The Technology: Many people are unused to working with microphones. Show them how to sit, show them simple hand signals you will use if they are too close or two far away. Let them know it will be edited. Double check all recording equipment before you go into the field so you will not have to be spending too much attention to it.
Structure: What’s the roadmap of this interview? You may change it in the edit, but have a working plan. A good interview has a beginning, middle, and end. Sometimes the interviewer can plan a climax with a question that evokes a surprising revelation or emotional response. Ideally the climax will come at the end of the interview, or the interviewer carefully plans a way to close the interview without sounding anti-climactic. The structure of many interview is chronological – how did you begin playing music, when did you first realize you wanted to be a writer. The advantage is that it provides an easy to follow structure. A disadvantage is that you may not get to the important point quickly enough.
W,W,W,W,W,H
Writing questions: Always have list of questions reflecting the direction you would like the interview to take. Attorneys are warned never to ask a question they don’t know the answer. Interviewers shouldn’t go that far, but they should ask questions they know the answer to advance the interview in the direction they want it to go.
Read back over your questions out loud. How might they be answered? Be precise in your phrasing to avoid getting the wrong question answered or being forced to explain what you mean.
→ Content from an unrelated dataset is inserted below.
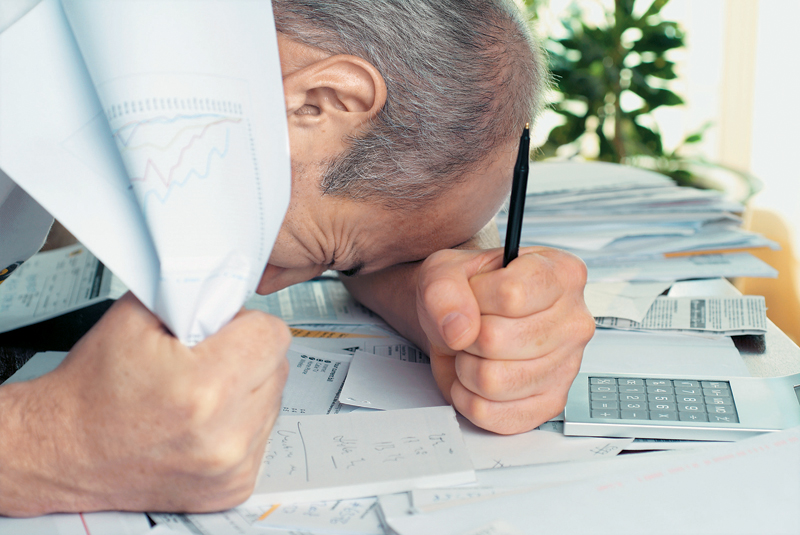 Αυξήθηκαν οι ληξιπρόθεσμες οφειλές - Media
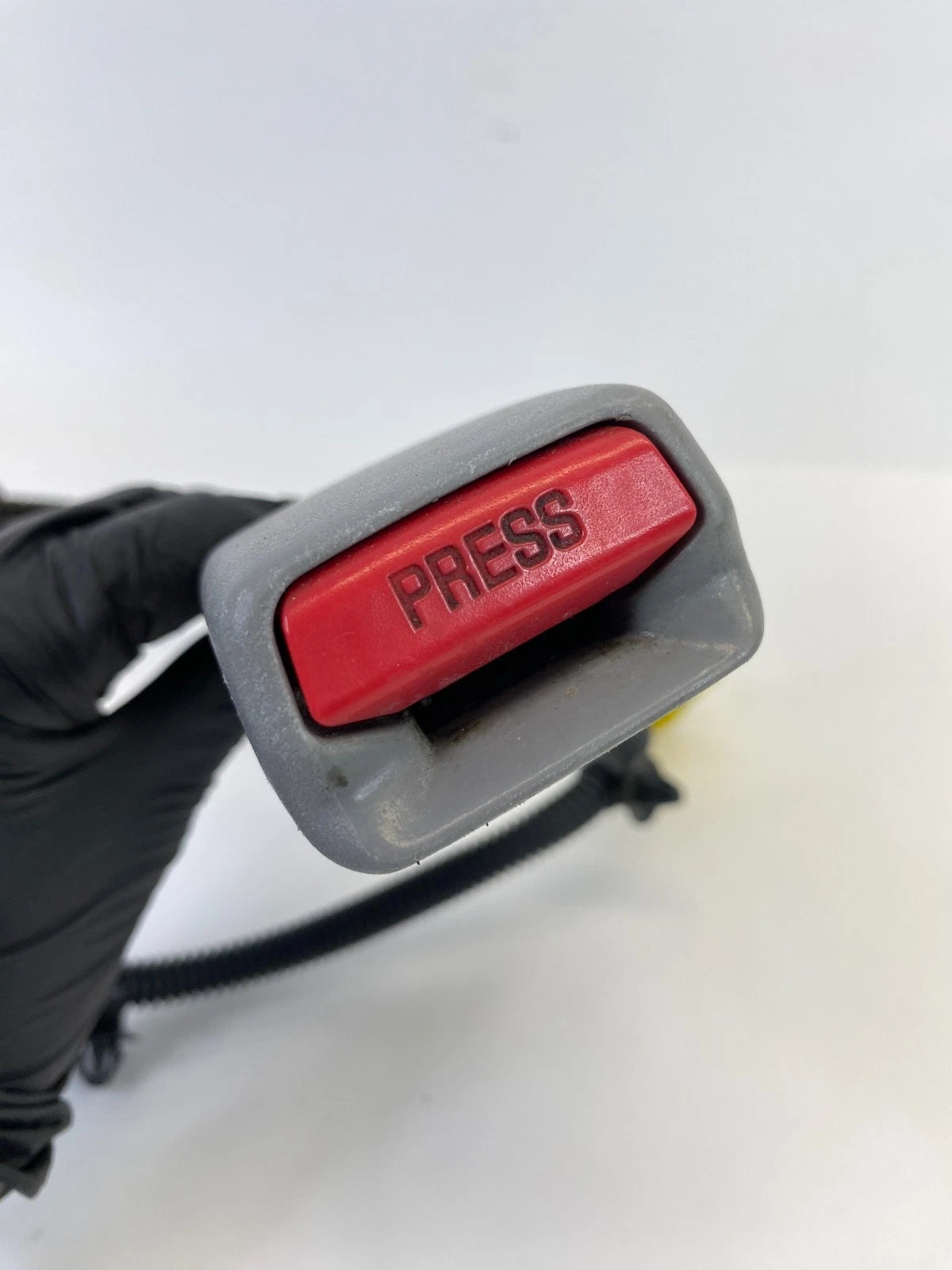 2006-2010 KIA OPTIMA FRONT LEFT DRIVER SIDE SEAT BELT BUCKLE ASSY OEM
Carefully check your facts and your language to take out things the interviewee may seize on rather than the substance of your question (i.e. “When you were the leader of the group….?” “I was never the leader!!! ). Reread the questions just before the interview begins so they are fresh in your mind and you can refer to your notes as little as possible. Read the questions over at the end of the interview to be sure you covered everything.
Do:
- Ask who, what, where, when, how and why questions. They are open ended and will elicit better responses.
- Locate the personal interest of the interviewee. What got them interested in this? Visit their place and pick up cues from pictures, citations on the wall, bric a brac. It’s also a way to make a connection.
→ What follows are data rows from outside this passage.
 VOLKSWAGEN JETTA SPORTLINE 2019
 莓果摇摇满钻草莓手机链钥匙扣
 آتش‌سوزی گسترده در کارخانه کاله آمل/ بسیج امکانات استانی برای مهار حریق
- Plan your follow up questions. Play chess. If they answer this way, my follow up will be this. If they answer that way, my follow up will be that. Sometimes a question is just a set up for the next question.
- Try to get the interviewee recall an event for you. Nudge them along –‘then what happened’. The person will see the experience in the mind’s eye and be narrativng the memory as if it’s in real time. [Jesse Hagopian interview Haiti Earthquake].
Don’t:
- Ask verb questions. ‘Do you believe nuclear power is safe’. They can be answered yes or no. They tend to close down the conversation. Better – ‘what do you think of nuclear power?” then “why do you think it’s safe”.
- Ask Chinese menu questions: Do you believe in affirmative action because it rights the wrongs of slavery, or because it morally correction, or do you believe in affirmative action because it is good for the nation, or is it because…..”. The interviewee will pick the question to answer and it may not be what you want answered.
- Include subtle or not so subtle loaded language. F.ex. “Why are you demanding a new contract?”. The verb demand implies unreasonableness. An interviewee may object.
- Include unwanted premises. “When did you stop beating your wife?”.
LISTEN
Be open: Your mind should run on two tracks. What is being said. Where do I want the interview to go next? Depending on what you are hearing, you may want to follow a new thread, or pull the conversation back to a plan. Don’t be afraid to throw away your preconceptions and take off in an interview. Study when to fly in conversation mode and when pull back and elicit information.
Always think about the audience. What would they like to hear answered. Do they understand the term just used in the interview? Did they answer your question.
Devil’s advocacy – It is important to get interviewees to explain things well. Often that involves probing. Probing isn’t done to embarrass the interviewee, but to get them to explain themselves to the skeptics in the audience. When preparing questions, get out of your own head and try to imagine what this person’s harshest critic might ask or what a skeptic may wonder.
Troubleshooting: At some point in some interview you will have no idea what the hell to ask next. The answer will be too brief or pre-emptive for you to think ahead or you will be distracted. It can dangerous to open your mouth and start talking. Nervousness will mean that you will babble and finally ask a stupid question. You can avoid this problem by having your question list at the ready and taking a pause to refer to it.
Your interviewee may begin to say things you don’t understand. STOP them immediately. It does you no good to have an interview you don’t get. One of the best questions you’ll ask is “I’m sorry but I’m not clear about what you mean. Could you explain…..?”
Go back over your interview questions before you finish
What interviewees know: Consultants tell interviewees to stick to one or two subjects and always turn the question around to that answer. Use short answers to trip up interviewers or talk long to fill time and run out the clock. Be ready to divert the interviewee off the set answer (research will enable you to prepare the follow-up), have lots of questions, work on how to tactfully interrupt (I am glad you mentioned that… but what I’d like to get to is…..).